Dataset records.
---------------
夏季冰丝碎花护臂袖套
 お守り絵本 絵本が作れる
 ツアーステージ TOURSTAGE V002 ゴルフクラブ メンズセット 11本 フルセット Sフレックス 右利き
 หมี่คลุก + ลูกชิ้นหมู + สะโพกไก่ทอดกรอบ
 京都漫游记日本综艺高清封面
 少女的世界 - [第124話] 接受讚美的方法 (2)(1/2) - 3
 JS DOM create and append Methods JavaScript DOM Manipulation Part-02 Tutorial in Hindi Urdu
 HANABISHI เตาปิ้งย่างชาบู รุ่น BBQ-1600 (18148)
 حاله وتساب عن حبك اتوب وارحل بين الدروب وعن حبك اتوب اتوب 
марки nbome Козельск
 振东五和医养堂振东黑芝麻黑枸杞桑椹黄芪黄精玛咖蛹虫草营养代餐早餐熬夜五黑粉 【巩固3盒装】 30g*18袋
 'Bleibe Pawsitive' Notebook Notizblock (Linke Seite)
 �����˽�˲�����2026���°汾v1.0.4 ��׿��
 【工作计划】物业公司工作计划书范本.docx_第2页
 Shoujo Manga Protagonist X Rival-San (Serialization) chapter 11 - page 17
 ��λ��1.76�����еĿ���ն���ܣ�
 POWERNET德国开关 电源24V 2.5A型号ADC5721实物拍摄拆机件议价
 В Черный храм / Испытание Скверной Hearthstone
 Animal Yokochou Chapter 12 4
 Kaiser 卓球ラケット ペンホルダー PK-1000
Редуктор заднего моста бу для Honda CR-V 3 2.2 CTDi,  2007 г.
---------------
Problem to work on. Write out the records in full, exactly as they appear above.

Problem solution.
夏季冰丝碎花护臂袖套
 お守り絵本 絵本が作れる
 ツアーステージ TOURSTAGE V002 ゴルフクラブ メンズセット 11本 フルセット Sフレックス 右利き
 หมี่คลุก + ลูกชิ้นหมู + สะโพกไก่ทอดกรอบ
 京都漫游记日本综艺高清封面
 少女的世界 - [第124話] 接受讚美的方法 (2)(1/2) - 3
 JS DOM create and append Methods JavaScript DOM Manipulation Part-02 Tutorial in Hindi Urdu
 HANABISHI เตาปิ้งย่างชาบู รุ่น BBQ-1600 (18148)
 حاله وتساب عن حبك اتوب وارحل بين الدروب وعن حبك اتوب اتوب 
марки nbome Козельск
 振东五和医养堂振东黑芝麻黑枸杞桑椹黄芪黄精玛咖蛹虫草营养代餐早餐熬夜五黑粉 【巩固3盒装】 30g*18袋
 'Bleibe Pawsitive' Notebook Notizblock (Linke Seite)
 �����˽�˲�����2026���°汾v1.0.4 ��׿��
 【工作计划】物业公司工作计划书范本.docx_第2页
 Shoujo Manga Protagonist X Rival-San (Serialization) chapter 11 - page 17
 ��λ��1.76�����еĿ���ն���ܣ�
 POWERNET德国开关 电源24V 2.5A型号ADC5721实物拍摄拆机件议价
 В Черный храм / Испытание Скверной Hearthstone
 Animal Yokochou Chapter 12 4
 Kaiser 卓球ラケット ペンホルダー PK-1000
Редуктор заднего моста бу для Honda CR-V 3 2.2 CTDi,  2007 г.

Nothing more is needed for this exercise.